I am broadly interested in conservation, and more specifically the wildlife trade and its potential to both harm species, and contribute to their conservation. I’m particularly interested in when and how data is used to ensure sustainability in the international legal wildlife trade.

I recently completed a PhD at the University of Sheffield focused on understanding the species-level impacts and patterns of the wildlife trade. This included assessing the state of knowledge on the impacts of trade on species abundance revealing how poorly understand the impacts of trade for many taxa are and using the Convention on International Trade in Endangered Species of Wild Fauna and Flora (CITES) trade database to model species-level temporal trends in species volumes through time.

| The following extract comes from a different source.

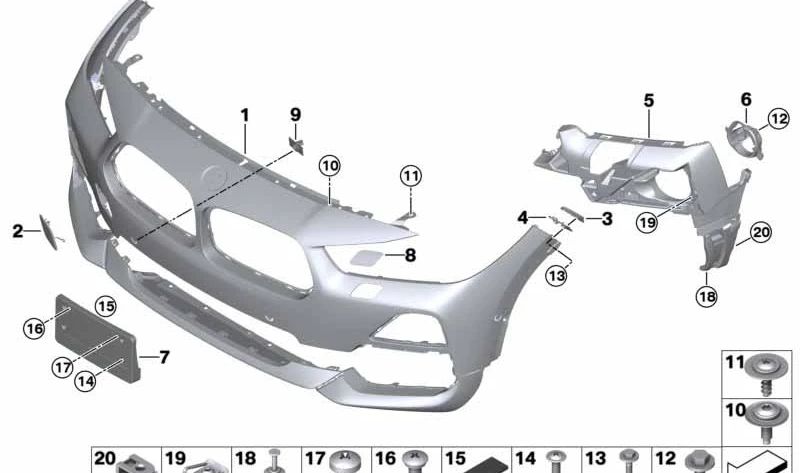 Carenado Parachoques Imprimado Delantero para BMW F39 (OEM 51117499468). Original BMW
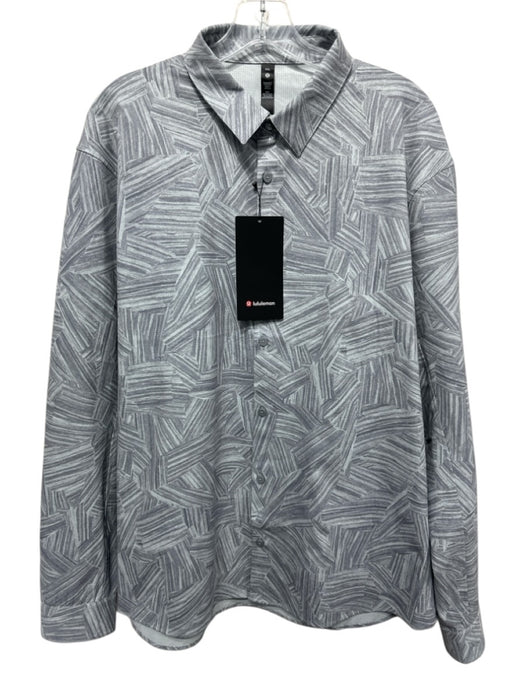 Lululemon NWT Size XXL Gray Synthetic Abstract Button Up Men's Long Sleeve Shirt Gray / XXL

My current work focuses on (1) developing model-based approaches to simulate sustainable quotas for CITES-listed species and (2) further unpicking how spatial and functional patterns of trade have changed through time. As the labs research data manager I also spend a lot of time collaborating with other researchers across a broad range of conservation topics including functional and phylogenetic diversity, payment for ecosystem services and expanding the utility of existing wildlife trade datasets.

About me

In my spare time, I am a keen foodie and enjoy cooking and baking with mixed success. When I get the chance, I love hiking in the peaks or further afield and often combine this with some refreshing wild swimming, usually with a book and my dog.